--- START ---

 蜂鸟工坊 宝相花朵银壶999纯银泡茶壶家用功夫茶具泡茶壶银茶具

--- END ---
--- START ---

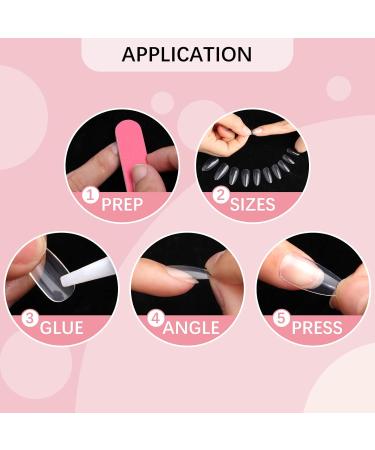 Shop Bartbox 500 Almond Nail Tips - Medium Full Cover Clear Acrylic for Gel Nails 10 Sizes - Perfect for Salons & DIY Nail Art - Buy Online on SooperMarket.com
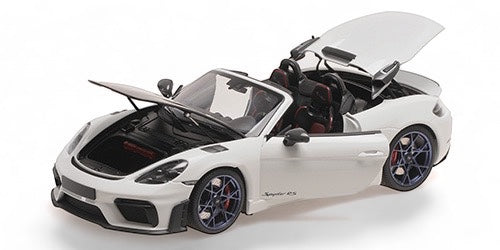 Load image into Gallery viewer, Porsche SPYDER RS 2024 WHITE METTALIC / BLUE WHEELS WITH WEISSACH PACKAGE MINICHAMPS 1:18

--- END ---
--- START ---

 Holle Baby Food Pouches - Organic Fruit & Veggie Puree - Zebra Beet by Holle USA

--- END ---

Task prompt>
Using the listing above, restate exactly the range between the lines holding "Shop Bartbox 500" and "Load image into", inclusive, with pictures left out.

Result for this task>
 Shop Bartbox 500 Almond Nail Tips - Medium Full Cover Clear Acrylic for Gel Nails 10 Sizes - Perfect for Salons & DIY Nail Art - Buy Online on SooperMarket.com
 Load image into Gallery viewer, Porsche SPYDER RS 2024 WHITE METTALIC / BLUE WHEELS WITH WEISSACH PACKAGE MINICHAMPS 1:18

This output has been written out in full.